---------- MATERIAL TO PROCESS

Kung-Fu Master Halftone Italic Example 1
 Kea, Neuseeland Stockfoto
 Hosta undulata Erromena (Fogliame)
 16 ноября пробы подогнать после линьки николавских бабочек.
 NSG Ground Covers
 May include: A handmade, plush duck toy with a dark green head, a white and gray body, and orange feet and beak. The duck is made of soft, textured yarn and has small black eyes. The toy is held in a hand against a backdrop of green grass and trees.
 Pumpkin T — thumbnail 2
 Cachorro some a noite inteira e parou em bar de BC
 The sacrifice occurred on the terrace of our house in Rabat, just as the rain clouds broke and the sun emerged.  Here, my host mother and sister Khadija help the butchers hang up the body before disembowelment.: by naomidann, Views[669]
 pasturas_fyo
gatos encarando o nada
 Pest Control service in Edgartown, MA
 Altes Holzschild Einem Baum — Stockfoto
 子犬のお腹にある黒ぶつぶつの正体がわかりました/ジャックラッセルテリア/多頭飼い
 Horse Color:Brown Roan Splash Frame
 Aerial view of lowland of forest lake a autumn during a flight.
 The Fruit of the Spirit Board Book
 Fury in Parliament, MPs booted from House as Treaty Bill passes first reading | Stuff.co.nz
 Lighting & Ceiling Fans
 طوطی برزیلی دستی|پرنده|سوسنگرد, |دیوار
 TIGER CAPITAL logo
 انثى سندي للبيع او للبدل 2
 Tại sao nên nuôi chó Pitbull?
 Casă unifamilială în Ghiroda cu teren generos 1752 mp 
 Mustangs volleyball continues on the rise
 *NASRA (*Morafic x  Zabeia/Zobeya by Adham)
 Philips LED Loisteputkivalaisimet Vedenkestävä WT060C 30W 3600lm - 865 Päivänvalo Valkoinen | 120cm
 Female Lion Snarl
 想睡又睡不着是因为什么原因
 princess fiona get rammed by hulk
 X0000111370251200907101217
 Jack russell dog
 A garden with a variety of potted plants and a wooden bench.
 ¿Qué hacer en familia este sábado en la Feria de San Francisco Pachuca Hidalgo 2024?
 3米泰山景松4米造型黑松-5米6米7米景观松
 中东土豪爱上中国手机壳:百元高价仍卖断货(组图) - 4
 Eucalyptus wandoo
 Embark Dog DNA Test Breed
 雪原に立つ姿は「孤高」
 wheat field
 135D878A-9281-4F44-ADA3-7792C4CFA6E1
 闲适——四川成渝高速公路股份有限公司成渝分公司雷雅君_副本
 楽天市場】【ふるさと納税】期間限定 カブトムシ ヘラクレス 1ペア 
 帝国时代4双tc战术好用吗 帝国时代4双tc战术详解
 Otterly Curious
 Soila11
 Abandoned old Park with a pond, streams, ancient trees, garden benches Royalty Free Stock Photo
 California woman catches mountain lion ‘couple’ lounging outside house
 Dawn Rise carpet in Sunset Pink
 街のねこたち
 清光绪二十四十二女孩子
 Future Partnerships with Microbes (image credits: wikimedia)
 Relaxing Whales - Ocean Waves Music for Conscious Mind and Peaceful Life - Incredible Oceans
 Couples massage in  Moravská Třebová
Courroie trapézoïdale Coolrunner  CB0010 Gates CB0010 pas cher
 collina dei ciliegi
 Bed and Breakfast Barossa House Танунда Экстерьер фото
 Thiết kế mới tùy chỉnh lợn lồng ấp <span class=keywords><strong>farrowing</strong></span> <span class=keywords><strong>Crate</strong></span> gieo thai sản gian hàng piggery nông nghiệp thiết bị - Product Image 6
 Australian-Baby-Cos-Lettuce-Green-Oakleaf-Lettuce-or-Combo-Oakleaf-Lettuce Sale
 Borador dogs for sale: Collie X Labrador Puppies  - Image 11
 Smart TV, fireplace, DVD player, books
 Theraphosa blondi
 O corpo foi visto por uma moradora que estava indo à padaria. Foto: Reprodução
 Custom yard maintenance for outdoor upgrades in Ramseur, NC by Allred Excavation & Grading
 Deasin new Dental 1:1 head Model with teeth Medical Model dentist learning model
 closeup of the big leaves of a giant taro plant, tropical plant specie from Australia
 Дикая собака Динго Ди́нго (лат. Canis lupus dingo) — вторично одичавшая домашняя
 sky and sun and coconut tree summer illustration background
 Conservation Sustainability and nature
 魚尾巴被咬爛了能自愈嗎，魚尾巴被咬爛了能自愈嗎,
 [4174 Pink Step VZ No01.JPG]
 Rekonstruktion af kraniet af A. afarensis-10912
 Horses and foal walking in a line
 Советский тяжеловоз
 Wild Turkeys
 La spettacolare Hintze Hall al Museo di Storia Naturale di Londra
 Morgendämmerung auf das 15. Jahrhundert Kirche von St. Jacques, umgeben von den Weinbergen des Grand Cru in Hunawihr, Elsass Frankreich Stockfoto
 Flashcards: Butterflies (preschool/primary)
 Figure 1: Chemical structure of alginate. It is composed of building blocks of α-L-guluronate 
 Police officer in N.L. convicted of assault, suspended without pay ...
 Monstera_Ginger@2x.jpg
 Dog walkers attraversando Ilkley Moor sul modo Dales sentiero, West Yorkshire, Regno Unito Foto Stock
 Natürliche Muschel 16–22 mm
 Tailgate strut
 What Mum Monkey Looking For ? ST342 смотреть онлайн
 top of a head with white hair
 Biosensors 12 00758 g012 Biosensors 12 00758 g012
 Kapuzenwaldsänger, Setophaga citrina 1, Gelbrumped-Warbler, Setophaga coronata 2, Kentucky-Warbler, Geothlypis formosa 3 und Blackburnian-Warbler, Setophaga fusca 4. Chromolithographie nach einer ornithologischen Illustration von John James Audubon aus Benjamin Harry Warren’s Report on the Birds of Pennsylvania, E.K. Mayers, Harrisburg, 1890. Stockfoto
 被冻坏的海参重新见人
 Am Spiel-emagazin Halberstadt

--------------------

**EXERCISE GOAL:** Nothing in the records may be dropped; reproduce them exactly.

**SOLUTION:**
Kung-Fu Master Halftone Italic Example 1
 Kea, Neuseeland Stockfoto
 Hosta undulata Erromena (Fogliame)
 16 ноября пробы подогнать после линьки николавских бабочек.
 NSG Ground Covers
 May include: A handmade, plush duck toy with a dark green head, a white and gray body, and orange feet and beak. The duck is made of soft, textured yarn and has small black eyes. The toy is held in a hand against a backdrop of green grass and trees.
 Pumpkin T — thumbnail 2
 Cachorro some a noite inteira e parou em bar de BC
 The sacrifice occurred on the terrace of our house in Rabat, just as the rain clouds broke and the sun emerged.  Here, my host mother and sister Khadija help the butchers hang up the body before disembowelment.: by naomidann, Views[669]
 pasturas_fyo
gatos encarando o nada
 Pest Control service in Edgartown, MA
 Altes Holzschild Einem Baum — Stockfoto
 子犬のお腹にある黒ぶつぶつの正体がわかりました/ジャックラッセルテリア/多頭飼い
 Horse Color:Brown Roan Splash Frame
 Aerial view of lowland of forest lake a autumn during a flight.
 The Fruit of the Spirit Board Book
 Fury in Parliament, MPs booted from House as Treaty Bill passes first reading | Stuff.co.nz
 Lighting & Ceiling Fans
 طوطی برزیلی دستی|پرنده|سوسنگرد, |دیوار
 TIGER CAPITAL logo
 انثى سندي للبيع او للبدل 2
 Tại sao nên nuôi chó Pitbull?
 Casă unifamilială în Ghiroda cu teren generos 1752 mp 
 Mustangs volleyball continues on the rise
 *NASRA (*Morafic x  Zabeia/Zobeya by Adham)
 Philips LED Loisteputkivalaisimet Vedenkestävä WT060C 30W 3600lm - 865 Päivänvalo Valkoinen | 120cm
 Female Lion Snarl
 想睡又睡不着是因为什么原因
 princess fiona get rammed by hulk
 X0000111370251200907101217
 Jack russell dog
 A garden with a variety of potted plants and a wooden bench.
 ¿Qué hacer en familia este sábado en la Feria de San Francisco Pachuca Hidalgo 2024?
 3米泰山景松4米造型黑松-5米6米7米景观松
 中东土豪爱上中国手机壳:百元高价仍卖断货(组图) - 4
 Eucalyptus wandoo
 Embark Dog DNA Test Breed
 雪原に立つ姿は「孤高」
 wheat field
 135D878A-9281-4F44-ADA3-7792C4CFA6E1
 闲适——四川成渝高速公路股份有限公司成渝分公司雷雅君_副本
 楽天市場】【ふるさと納税】期間限定 カブトムシ ヘラクレス 1ペア 
 帝国时代4双tc战术好用吗 帝国时代4双tc战术详解
 Otterly Curious
 Soila11
 Abandoned old Park with a pond, streams, ancient trees, garden benches Royalty Free Stock Photo
 California woman catches mountain lion ‘couple’ lounging outside house
 Dawn Rise carpet in Sunset Pink
 街のねこたち
 清光绪二十四十二女孩子
 Future Partnerships with Microbes (image credits: wikimedia)
 Relaxing Whales - Ocean Waves Music for Conscious Mind and Peaceful Life - Incredible Oceans
 Couples massage in  Moravská Třebová
Courroie trapézoïdale Coolrunner  CB0010 Gates CB0010 pas cher
 collina dei ciliegi
 Bed and Breakfast Barossa House Танунда Экстерьер фото
 Thiết kế mới tùy chỉnh lợn lồng ấp <span class=keywords><strong>farrowing</strong></span> <span class=keywords><strong>Crate</strong></span> gieo thai sản gian hàng piggery nông nghiệp thiết bị - Product Image 6
 Australian-Baby-Cos-Lettuce-Green-Oakleaf-Lettuce-or-Combo-Oakleaf-Lettuce Sale
 Borador dogs for sale: Collie X Labrador Puppies  - Image 11
 Smart TV, fireplace, DVD player, books
 Theraphosa blondi
 O corpo foi visto por uma moradora que estava indo à padaria. Foto: Reprodução
 Custom yard maintenance for outdoor upgrades in Ramseur, NC by Allred Excavation & Grading
 Deasin new Dental 1:1 head Model with teeth Medical Model dentist learning model
 closeup of the big leaves of a giant taro plant, tropical plant specie from Australia
 Дикая собака Динго Ди́нго (лат. Canis lupus dingo) — вторично одичавшая домашняя
 sky and sun and coconut tree summer illustration background
 Conservation Sustainability and nature
 魚尾巴被咬爛了能自愈嗎，魚尾巴被咬爛了能自愈嗎,
 [4174 Pink Step VZ No01.JPG]
 Rekonstruktion af kraniet af A. afarensis-10912
 Horses and foal walking in a line
 Советский тяжеловоз
 Wild Turkeys
 La spettacolare Hintze Hall al Museo di Storia Naturale di Londra
 Morgendämmerung auf das 15. Jahrhundert Kirche von St. Jacques, umgeben von den Weinbergen des Grand Cru in Hunawihr, Elsass Frankreich Stockfoto
 Flashcards: Butterflies (preschool/primary)
 Figure 1: Chemical structure of alginate. It is composed of building blocks of α-L-guluronate 
 Police officer in N.L. convicted of assault, suspended without pay ...
 Monstera_Ginger@2x.jpg
 Dog walkers attraversando Ilkley Moor sul modo Dales sentiero, West Yorkshire, Regno Unito Foto Stock
 Natürliche Muschel 16–22 mm
 Tailgate strut
 What Mum Monkey Looking For ? ST342 смотреть онлайн
 top of a head with white hair
 Biosensors 12 00758 g012 Biosensors 12 00758 g012
 Kapuzenwaldsänger, Setophaga citrina 1, Gelbrumped-Warbler, Setophaga coronata 2, Kentucky-Warbler, Geothlypis formosa 3 und Blackburnian-Warbler, Setophaga fusca 4. Chromolithographie nach einer ornithologischen Illustration von John James Audubon aus Benjamin Harry Warren’s Report on the Birds of Pennsylvania, E.K. Mayers, Harrisburg, 1890. Stockfoto
 被冻坏的海参重新见人
 Am Spiel-emagazin Halberstadt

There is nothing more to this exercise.